Crawled caption data
=== Begin Enclosure ===

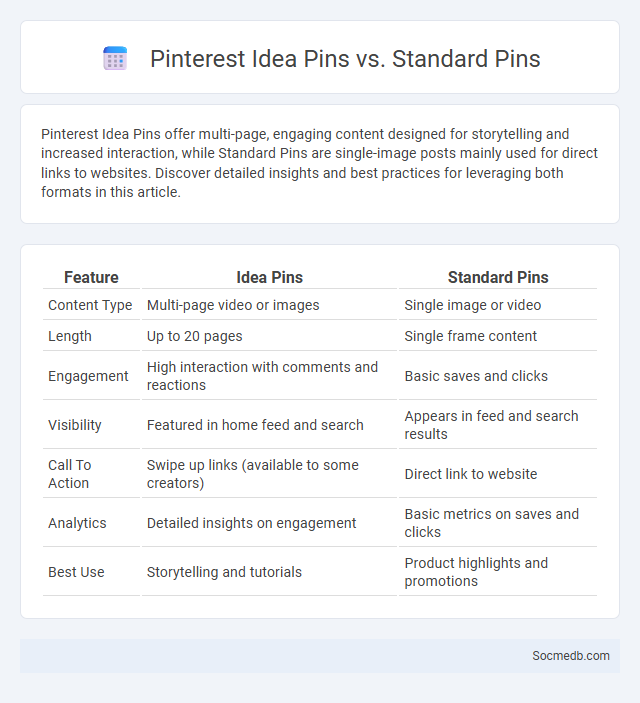 Pinterest Idea Pins vs. Standard Pins - What is The Difference?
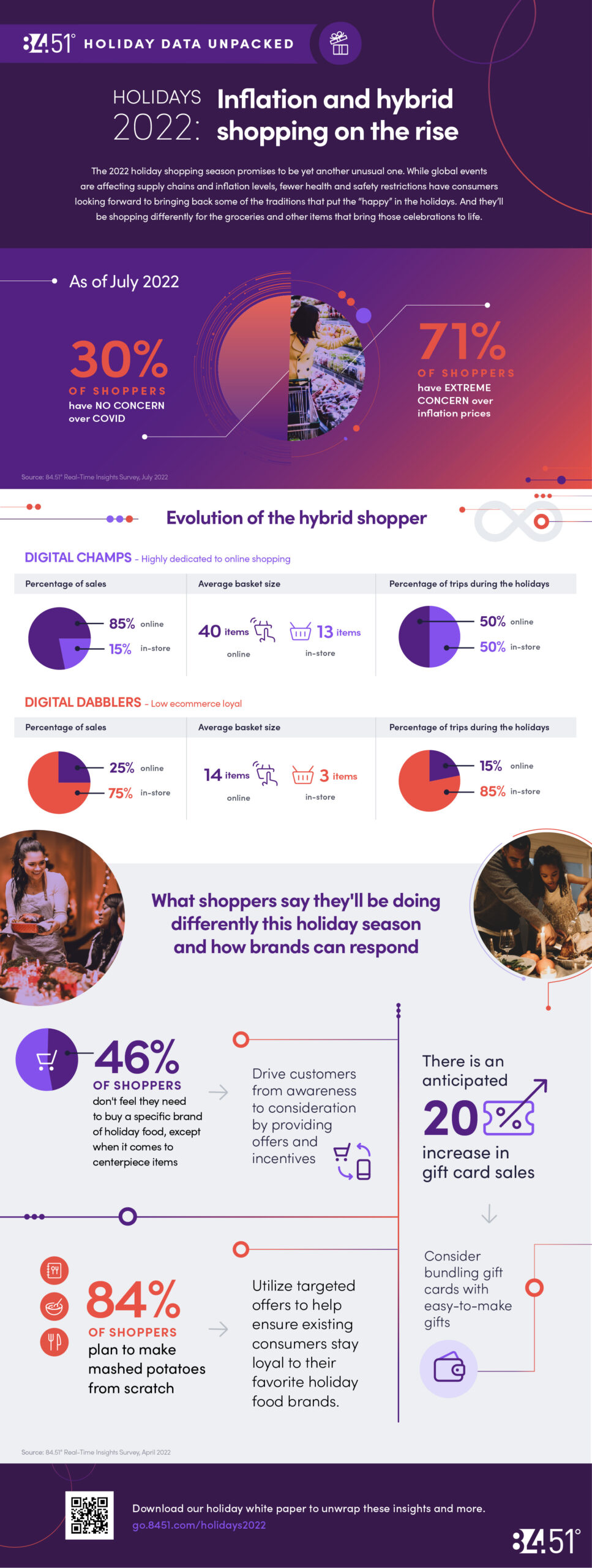 Even Ecommerce Enthusiasts ‘Go Physical’ for Holiday Shopping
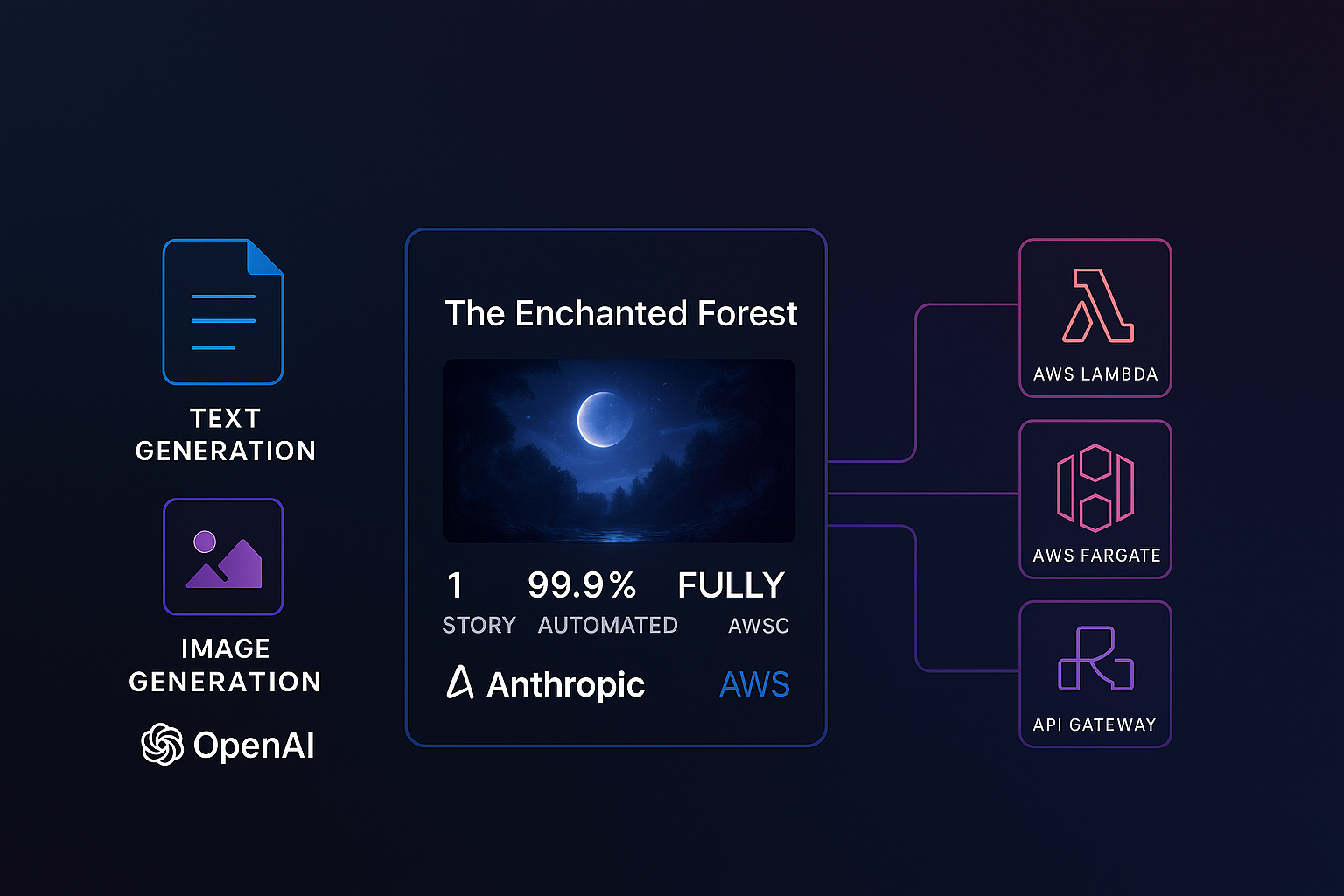 GenAI Story Weaver: Automated Daily Bedtime Tales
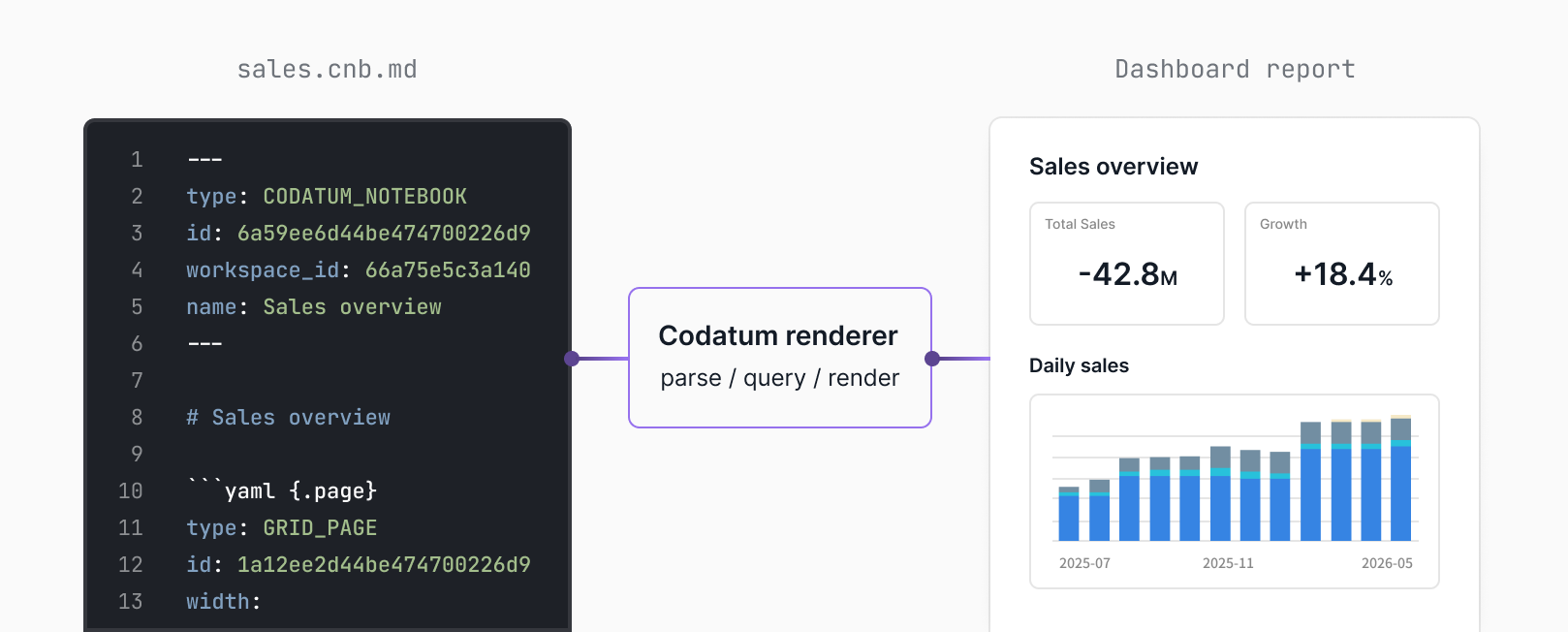 Codatum CLI Authoring Format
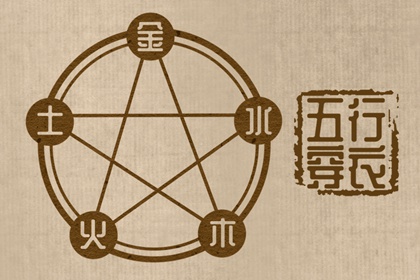 测算免费查询,玄奥八字排盘,排盘入口,测四柱八字算命,流年八字测算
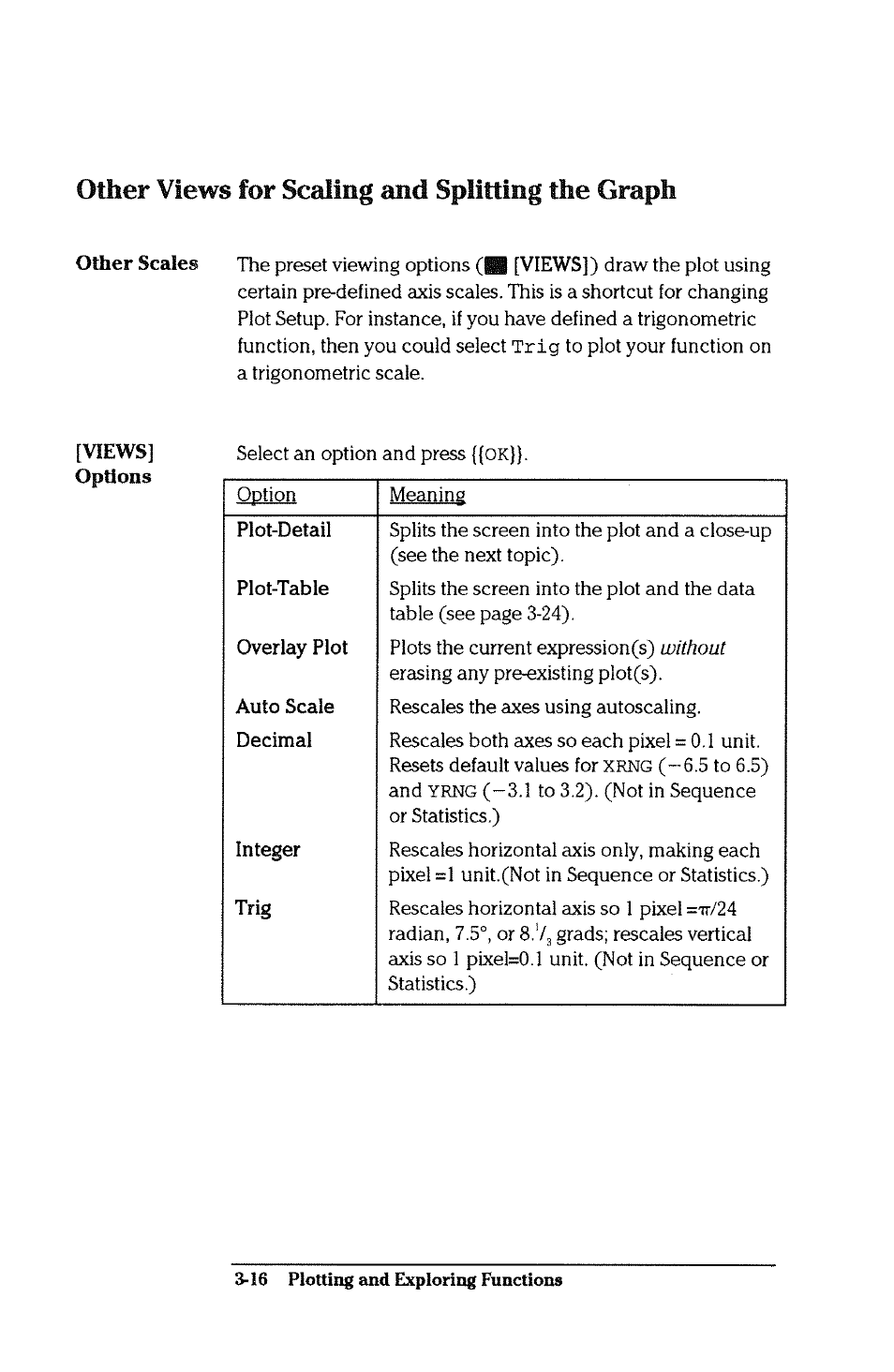 Other views for scaling and splitting the graph, Views, Views -12 | HP 38g Graphing Calculator User Manual | Page 80 / 228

=== End Enclosure ===

● BRIEF:
For this exercise, the lines from the one containing "测算免费查询,玄奥八字排盘,排盘入口,测四柱八字算命,流年八字测算" through the last line of the entries above are to be output exactly, both included, and pictures are skipped.

● FINISHED EXERCISE:
 测算免费查询,玄奥八字排盘,排盘入口,测四柱八字算命,流年八字测算
 Other views for scaling and splitting the graph, Views, Views -12 | HP 38g Graphing Calculator User Manual | Page 80 / 228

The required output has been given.